Recorded data:

══════════════════════════════

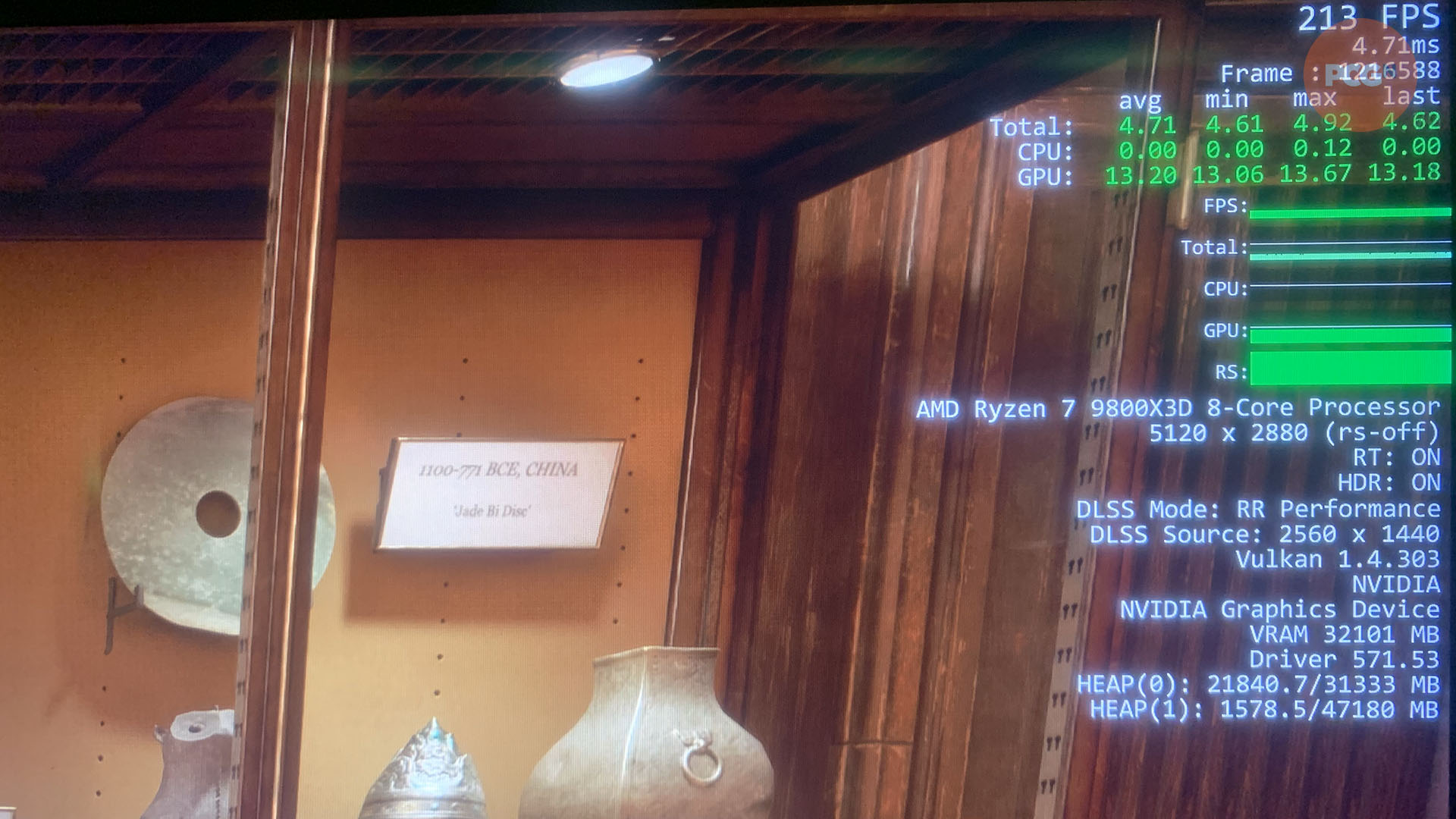 indiana-jones-büyük-daire-rtx-5090-5k-kare hızı Indiana Jones ve Great Circle, CES'ten alınan, 213 fps'de DLSS 4 ile Nvidia GeForce RTX 5090 üzerinde 5K'da çalışıyor.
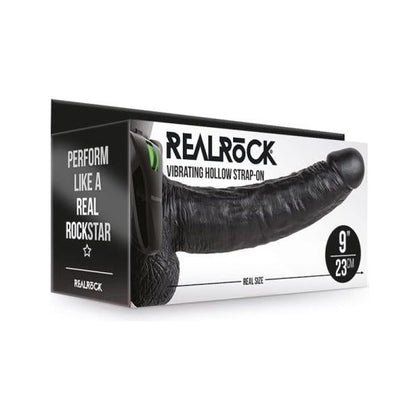 RealRock Vibrating Hollow Strap-On with Balls 9 Inch - Chocolate - Ultimate Pleasure for Him and Her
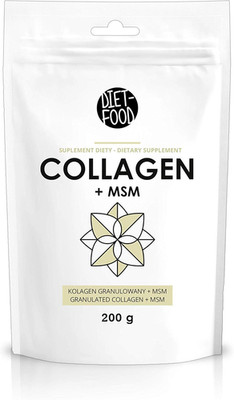 Diet-Food Collagen + MSM Pulver 200 G - Kollagen-Hydrolysat- Ohne Zusätze - Star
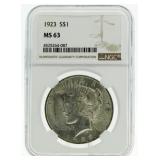 1923 MS63 Peace Silver Dollar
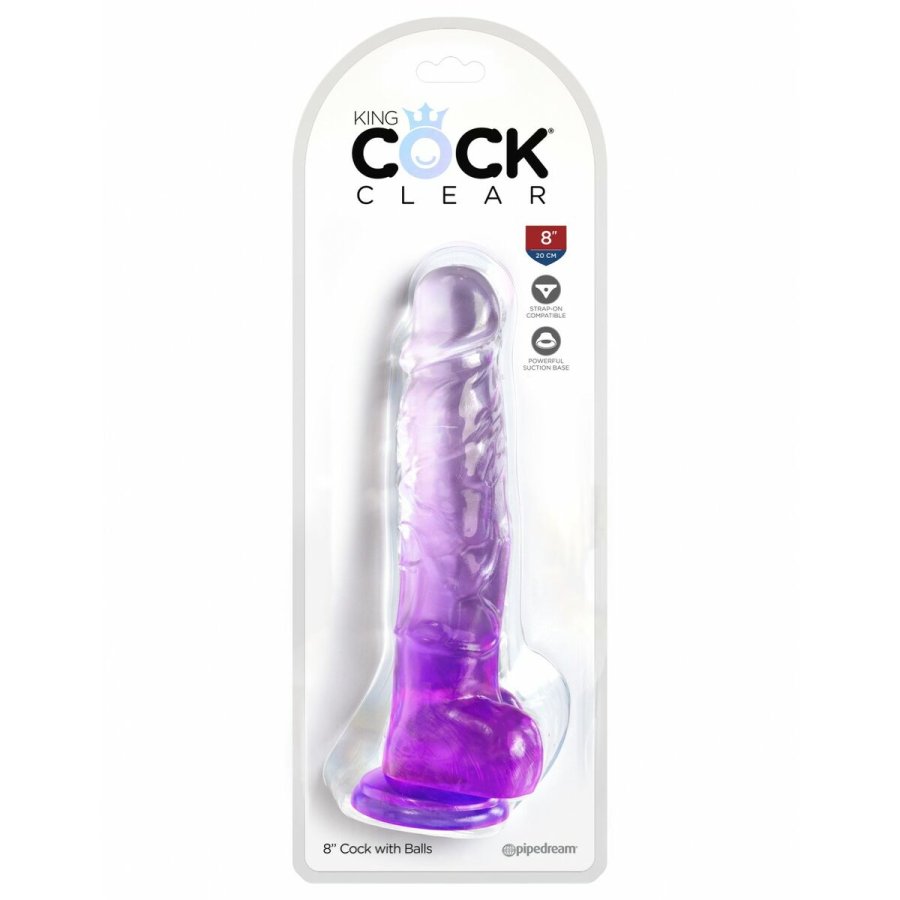 Realistisk Dildo Pipedream King Cock Clear TPE Lilla #3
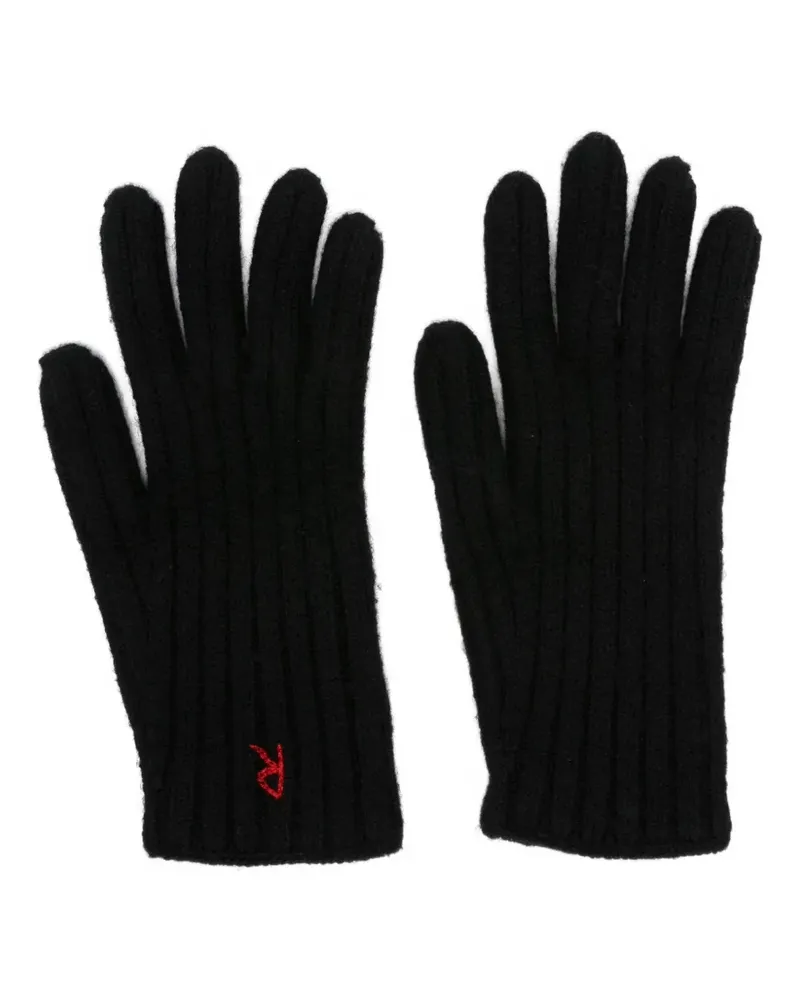 RUSLAN BAGINSKIY Gerippte Handschuhe mit Stickerei - Schwarz Schwarz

══════════════════════════════

Activity: Give every line of the records above again, exactly, and omit the pictures.

Response to the exercise:
 indiana-jones-büyük-daire-rtx-5090-5k-kare hızı Indiana Jones ve Great Circle, CES'ten alınan, 213 fps'de DLSS 4 ile Nvidia GeForce RTX 5090 üzerinde 5K'da çalışıyor.
 RealRock Vibrating Hollow Strap-On with Balls 9 Inch - Chocolate - Ultimate Pleasure for Him and Her
 Diet-Food Collagen + MSM Pulver 200 G - Kollagen-Hydrolysat- Ohne Zusätze - Star
 1923 MS63 Peace Silver Dollar
 Realistisk Dildo Pipedream King Cock Clear TPE Lilla #3
 RUSLAN BAGINSKIY Gerippte Handschuhe mit Stickerei - Schwarz Schwarz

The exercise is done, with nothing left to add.